Was ist der Unterschied zwischen Watt und Wattenmeer?
Das Wattenmeer umfasst verschiedene Lebensräume wie Watt, Priele, Sandbänke, Salzwiesen und Dünen. Das eigentliche Watt sind die Flächen, die im Rhythmus der Gezeiten abwechselnd trockenfallen und wieder überflutet werden. Es nimmt zwei Drittel des gesamten Wattenmeeres ein.
Inhaltsverzeichnis

Was genau ist das Watt?

Das Watt bezeichnet zunächst einmal ganz allgemein einen flachen Küstenbereich. Charakteristisch für das Watt ist, dass es regelmäßig, meist zweimal täglich, durch die Gezeiten trockenfällt. Dies geschieht während der Niedrigwasserphase, wenn sich das Meer zurückzieht. Die Oberfläche des Watts kann dabei sehr unterschiedlich beschaffen sein. Sie kann felsig sein, aus Sand bestehen oder von weichem Schlick dominiert werden. Entscheidend ist jedoch die regelmäßige Trockenlegung und Überflutung durch das Meerwasser.

Wattflächen entstehen vor allem dort, wo Flüsse große Mengen an Sedimenten ins Meer transportieren. Diese Sedimente, bestehend aus Sand, Schlick und Ton, lagern sich in Küstenbereichen ab, die durch vorgelagerte Inseln, Sandbänke oder flach abfallenden Meeresboden vor starker Strömung und Wellen geschützt sind. Auch in Buchten, in denen das Wasser ruhiger ist, können sich Wattflächen ausbilden. Das Watt ist somit ein dynamischer Lebensraum, der sich ständig unter dem Einfluss der Gezeiten verändert.

Verschiedene Wattarten

Je nach Zusammensetzung der Sedimente und der Strömungsverhältnisse lassen sich verschiedene Wattarten unterscheiden:

  • Sandwatt: Entsteht in Bereichen mit stärkerer Strömung, wo schwere Sandpartikel sich schnell absetzen können. Es ist relativ fest und begehbar.
  • Mischwatt: Besteht aus einer Mischung aus Sand, Ton und organischen Bestandteilen. Es ist typisch für Bereiche mit mittlerer Strömungsgeschwindigkeit.
  • Schlickwatt: Bildet sich in ruhigen, flachen Wasserbereichen, oft in Buchten oder vor Deichen.
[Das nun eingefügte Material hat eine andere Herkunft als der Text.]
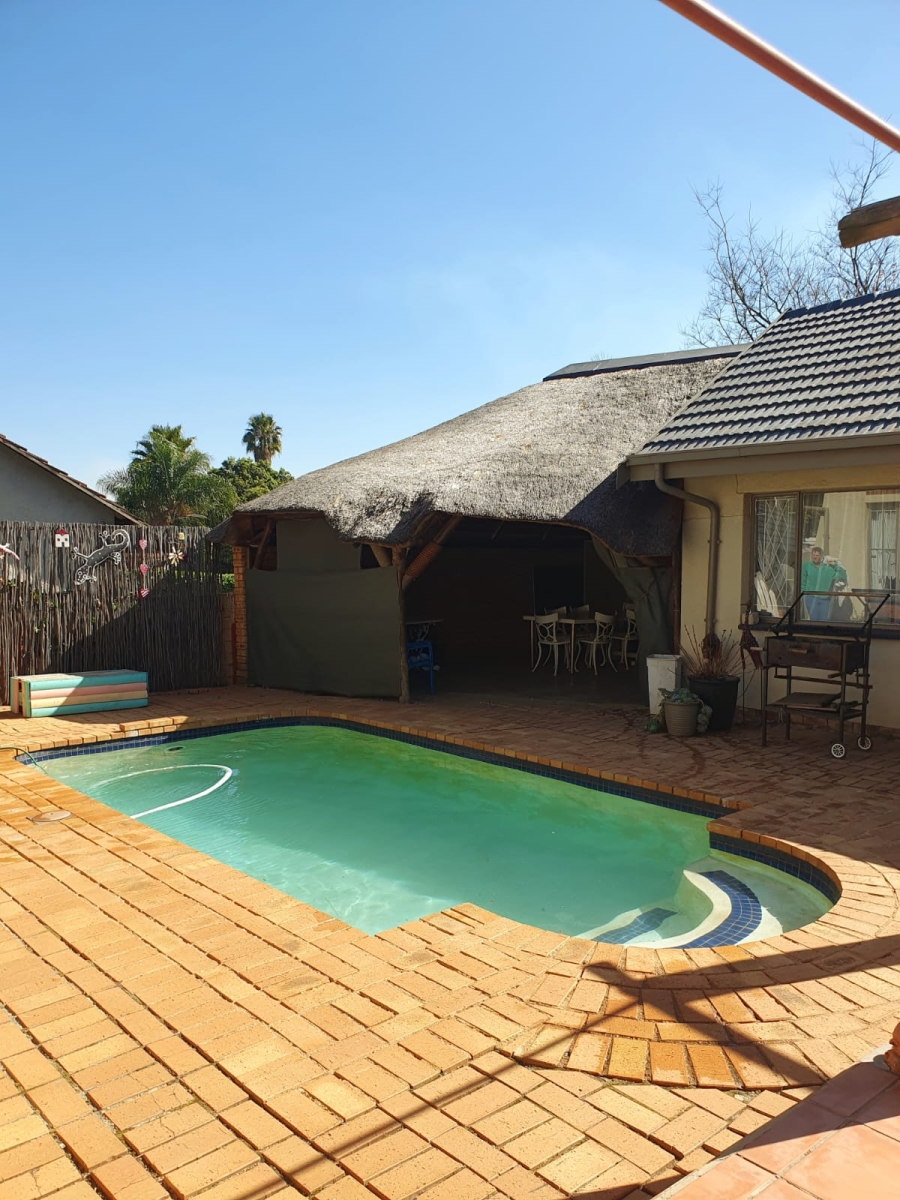 5 Bedroom Property for Sale in Glen Marais Gauteng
Es enthält einen hohen Anteil an feinen Schlickpartikeln und organischer Substanz und ist weich und schwer begehbar.

Obwohl das Watt auf den ersten Blick wie eine monotone, graubraune Fläche erscheinen mag, ist es bei genauerer Betrachtung ein äußerst lebendiger und artenreicher Lebensraum. Bei einer Wattwanderung lässt sich diese Vielfalt hautnah erleben.

Was ist das Wattenmeer?

Das Wattenmeer hingegen ist mehr als nur eine einzelne Wattfläche. Es ist ein umfassendes Ökosystem, eine ganze Landschaft, die sich durch ausgedehnte Wattflächen, aber auch durch weitere charakteristische Lebensräume auszeichnet. Das Wattenmeer ist das größte zusammenhängende Wattgebiet der Welt und erstreckt sich entlang der Nordseeküste von den Niederlanden über Deutschland bis nach Dänemark.
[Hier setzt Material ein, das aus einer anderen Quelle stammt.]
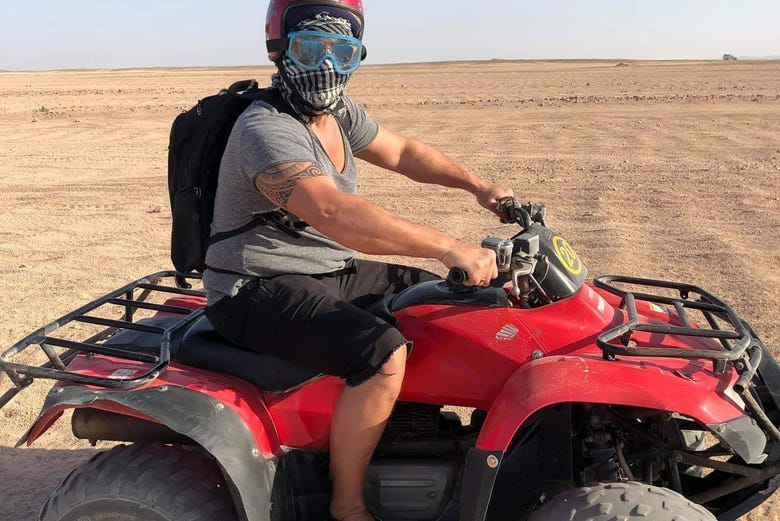 Alla scoperta del deserto di Hurghada in quad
Das Wattenmeer besteht nicht nur aus dem eigentlichen Watt, sondern umfasst eine Vielzahl von Lebensräumen, die alle miteinander in Verbindung stehen und ein komplexes Ökosystem bilden:

  • Wattflächen: Die bereits beschriebenen Bereiche, die regelmäßig trockenfallen und den größten Teil des Wattenmeeres ausmachen (etwa zwei Drittel).
  • Priele: Tiefe, natürliche Wasserläufe, die das Watt durchziehen und auch bei Ebbe Wasser führen. Sie dienen als wichtige Lebensadern des Wattenmeeres und sind Rückzugsort für viele Tiere bei Ebbe.
  • Sandbänke: Ablagerungen von Sand, die dauerhaft oder zeitweise über den Meeresspiegel hinausragen. Sie bieten Vögeln Rastplätze und Schutz.
  • Salzwiesen: Vegetationszonen, die oberhalb des Watts liegen und nur bei besonders hohen Fluten überschwemmt werden. Sie sind an den Salzgehalt des Wassers angepasst und beherbergen eine spezielle Pflanzen- und Tierwelt.
  • Dünen: Sandaufschüttungen am Strand, die als natürlicher Küstenschutz dienen und ebenfalls einen eigenen Lebensraum darstellen.

Das Wattenmeer ist somit ein Mosaik verschiedener Lebensräume, die durch die Gezeiten und den Einfluss des Meeres geprägt sind. Es ist ein dynamisches System, das sich ständig verändert und anpasst.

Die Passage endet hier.